IMF lawyers argue that central banks need reform before they can issue CBDCs

Published at: Nov. 20, 2020

On Friday, the International Monetary Fund published a new working paper on central bank digital currencies, or CBDCs, and their legal ramifications. 

In the paper, researchers including IMF legal counsel Wouter Bossu and Catalina Margulis argue that current frameworks are inadequate for issuing public-facing CBDCs. The researchers are particularly concerned about how existing definitions of money can apply to such a new technology, but, optimistically, suggest the problem is simple enough to fix:

"The absence of an explicit and robust legal basis for the issuance of token-and/or account-based CBDC can be relatively easily remedied through targeted central bank law reform."

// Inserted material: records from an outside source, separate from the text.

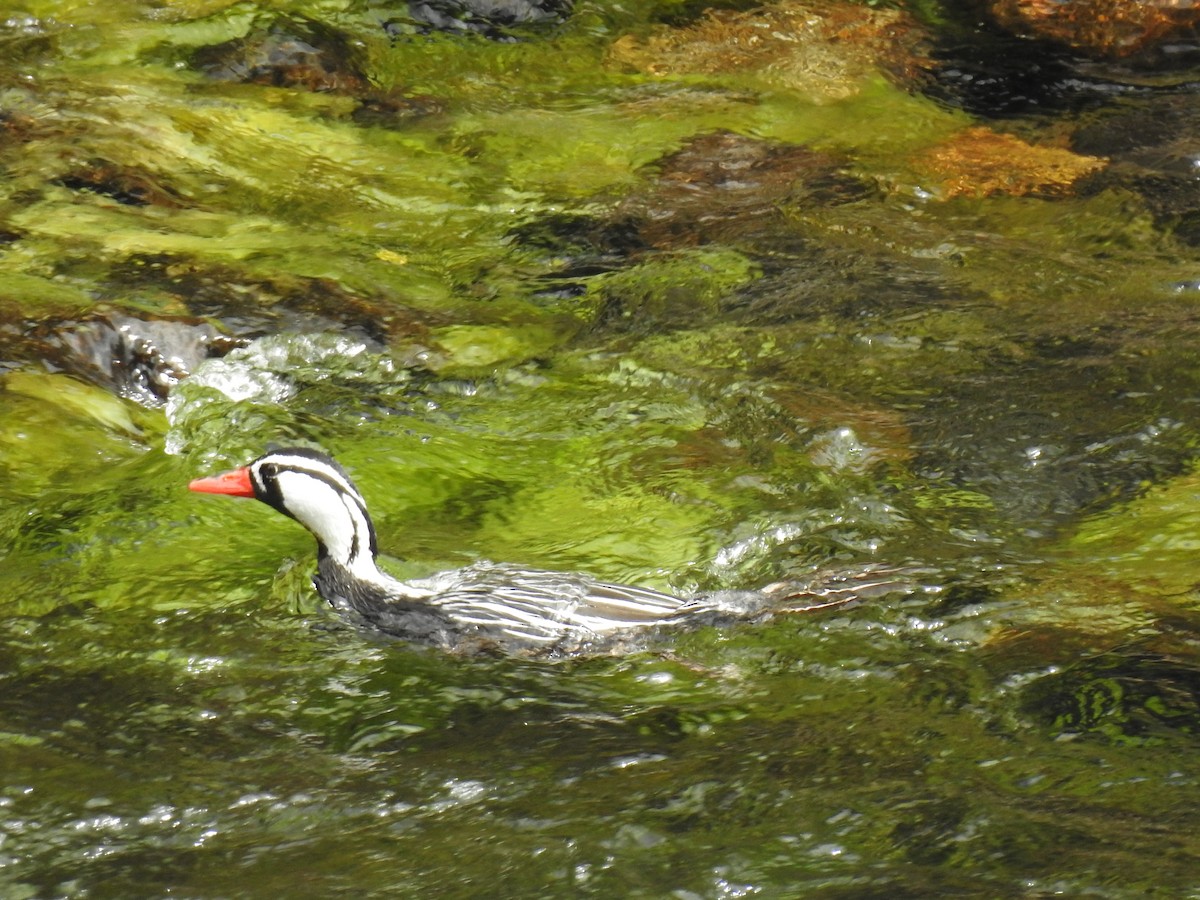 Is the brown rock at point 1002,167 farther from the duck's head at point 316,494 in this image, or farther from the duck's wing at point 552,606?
the duck's head at point 316,494

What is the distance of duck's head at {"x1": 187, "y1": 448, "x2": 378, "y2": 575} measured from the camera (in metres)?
6.36

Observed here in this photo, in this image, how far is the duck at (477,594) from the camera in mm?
6012

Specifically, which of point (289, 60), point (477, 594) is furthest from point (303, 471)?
point (289, 60)

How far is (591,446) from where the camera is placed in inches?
306

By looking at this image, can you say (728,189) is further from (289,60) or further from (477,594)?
(477,594)

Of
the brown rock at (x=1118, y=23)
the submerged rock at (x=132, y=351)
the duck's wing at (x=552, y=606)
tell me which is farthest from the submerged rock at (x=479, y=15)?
the duck's wing at (x=552, y=606)

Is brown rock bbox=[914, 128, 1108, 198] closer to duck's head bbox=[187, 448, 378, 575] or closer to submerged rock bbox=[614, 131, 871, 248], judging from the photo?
submerged rock bbox=[614, 131, 871, 248]

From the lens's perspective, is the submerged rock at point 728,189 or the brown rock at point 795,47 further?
the brown rock at point 795,47

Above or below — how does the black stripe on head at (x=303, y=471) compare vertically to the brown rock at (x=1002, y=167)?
below

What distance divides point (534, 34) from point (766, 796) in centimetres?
993

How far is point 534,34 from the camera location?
13.2 meters

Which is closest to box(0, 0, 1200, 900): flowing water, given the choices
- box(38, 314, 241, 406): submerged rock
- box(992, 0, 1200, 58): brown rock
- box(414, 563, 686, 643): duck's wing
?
box(38, 314, 241, 406): submerged rock

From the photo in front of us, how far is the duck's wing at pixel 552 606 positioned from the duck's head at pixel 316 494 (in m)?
0.46

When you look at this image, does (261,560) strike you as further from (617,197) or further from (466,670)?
(617,197)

The new paper also brings into question whether the monopoly that most central banks enjoy on the issuance of fiat currencies — which is reasonable enough, except that they seem to be suggesting rendering private fiat-pegged stablecoins illegal: 

The issuance of private digital tokens that resemble CBDC could give rise to very much the same problems, including a severely disrupted monetary system, caused in the 19th century by the issuance of banknotes by private banks that subsequently could not honor their obligations to convert those notes in real currency.

Ultimately, the paper suggests that re-configuring monetary law will be more challenging than reforming central bank law. The basic questions of whether you can consider a token legal tender, as well as how you make sure it's accepted across a population with varying access to technology, remain unanswered. 

All of the central banks behind the five largest global currencies — the U.S. dollar, the euro, the Chinese yuan, the Japanese yen and the British pound — are looking into issuing CBDCs. A leader at the Bank of England recently talked them up as part of a "new monetary order." 

Of the largest economies in the world, China seems to be closest to issuing a CBDC. Many suggest that this is because the Chinese government is willing to use a digital yuan as a surveillance tool, meaning that issues of cash-level privacy and bearer-bond status are irrelevant. The People's Bank of China recently published a draft law that would, indeed, outlaw private stablecoins pegged to the yuan.